Dans les campagnes, où le PJD a réussi des percées lors des élections de 2016, les islamistes ne seront pas en mesure de conserver leurs acquis, et la balance semble déjà en faveur des notables. L’expérience des législatives partielles à Errachidia est à ce titre significative. Elle a bien confirmé le retour des structures traditionnelles tribales aux dépens du rôle des partis dans l’encadrement de l’opération électorale. Il est donc fort probable que les partis dits administratifs et certains partis historiques, appuyés sur le réseau des notables, s’en sortent avec une moisson conséquente dans ces régions.

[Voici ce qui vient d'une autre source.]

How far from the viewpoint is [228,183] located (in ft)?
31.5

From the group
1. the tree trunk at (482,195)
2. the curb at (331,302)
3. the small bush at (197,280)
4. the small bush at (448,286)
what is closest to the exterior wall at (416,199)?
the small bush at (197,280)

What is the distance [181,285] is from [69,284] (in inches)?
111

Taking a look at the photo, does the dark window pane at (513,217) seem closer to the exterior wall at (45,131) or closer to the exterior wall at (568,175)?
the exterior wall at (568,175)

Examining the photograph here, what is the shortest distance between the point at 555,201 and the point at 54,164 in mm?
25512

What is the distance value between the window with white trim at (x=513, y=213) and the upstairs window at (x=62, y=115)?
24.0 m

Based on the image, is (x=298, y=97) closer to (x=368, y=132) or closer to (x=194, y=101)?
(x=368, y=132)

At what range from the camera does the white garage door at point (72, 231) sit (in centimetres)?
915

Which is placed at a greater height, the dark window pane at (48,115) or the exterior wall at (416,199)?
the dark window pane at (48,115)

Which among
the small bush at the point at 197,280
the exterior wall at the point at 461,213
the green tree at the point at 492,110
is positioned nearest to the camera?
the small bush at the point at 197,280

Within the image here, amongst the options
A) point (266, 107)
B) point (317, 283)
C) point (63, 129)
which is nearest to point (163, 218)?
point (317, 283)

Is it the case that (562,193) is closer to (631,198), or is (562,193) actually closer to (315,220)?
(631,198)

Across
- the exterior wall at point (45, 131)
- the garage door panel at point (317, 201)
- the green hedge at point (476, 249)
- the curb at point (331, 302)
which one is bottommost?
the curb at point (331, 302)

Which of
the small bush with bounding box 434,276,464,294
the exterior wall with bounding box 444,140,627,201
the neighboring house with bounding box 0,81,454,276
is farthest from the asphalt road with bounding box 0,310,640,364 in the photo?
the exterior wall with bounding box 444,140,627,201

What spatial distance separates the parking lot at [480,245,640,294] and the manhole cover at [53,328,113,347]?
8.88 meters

Un dirigeant du PJD, optimiste, est allé jusqu’à conjecturer une victoire de son parti dans les villes et les zones à scrutin de listes, ce qui est plausible quoiqu’elle cache l’essentiel, en l’occurrence les zones ou ce type de scrutin n’est pas adopté. En clair, rien n’est moins sûr que le PJD réédite l’exploit de 2016 dans ces régions.

La jonction de ces pronostics, basés sur des données liées au mode de scrutin et à la nature des partis et de leurs atouts, laisse supposer que les circonscriptions urbaines ne trancheront pas le duel, même s’il reste probable qu’elles donnent une avance, toue relative, au PJD.

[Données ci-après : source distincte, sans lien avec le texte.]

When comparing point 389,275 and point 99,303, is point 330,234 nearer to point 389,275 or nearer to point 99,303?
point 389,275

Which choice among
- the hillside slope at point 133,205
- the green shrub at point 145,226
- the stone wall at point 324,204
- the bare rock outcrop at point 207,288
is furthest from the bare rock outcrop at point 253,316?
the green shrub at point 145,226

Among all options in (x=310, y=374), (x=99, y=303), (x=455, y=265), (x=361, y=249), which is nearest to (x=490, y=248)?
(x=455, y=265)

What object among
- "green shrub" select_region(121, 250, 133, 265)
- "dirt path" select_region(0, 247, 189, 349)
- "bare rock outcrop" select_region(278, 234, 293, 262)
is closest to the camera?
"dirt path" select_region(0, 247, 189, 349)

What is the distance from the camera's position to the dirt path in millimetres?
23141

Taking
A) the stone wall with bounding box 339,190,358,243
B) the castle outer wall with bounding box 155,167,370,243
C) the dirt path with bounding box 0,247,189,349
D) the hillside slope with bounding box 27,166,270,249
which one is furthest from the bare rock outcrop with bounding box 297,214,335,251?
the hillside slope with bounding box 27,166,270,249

Dans les circonscriptions au vote nominal, les partis administratifs et les partis historiques soutenus par les notables marqueront des points importants, et les chances du PJD y seront limitées en raison du retour des structures traditionnelles.

Dans les provinces sahariennes et dans la région du Rif, la mission du PJD serait tout sauf une sinécure, la rivalité devant mettre aux prises trois partis, le PI, le RNI et le PAM.

Ceci étant, tout porte à croire que les quatre partis en lice, le PJD compris, ne remporteraient pas plus de 80 sièges chacun, et l’écart entre eux ne sera pas aussi significatif qu’en 2016. Le PJD, lui, sera pour de multiples raisons devant le défi difficile de conserver sa position de tête sur l’échiquier politique. Il se justifiera alors en invoquant le changement du mode de scrutin, sa léthargie interne à cause des divergences au sein de la direction du parti et autour de la ligne politique, la régression du «politique» aux dépens du retour des structures traditionnelles, et le pouvoir de l’argent.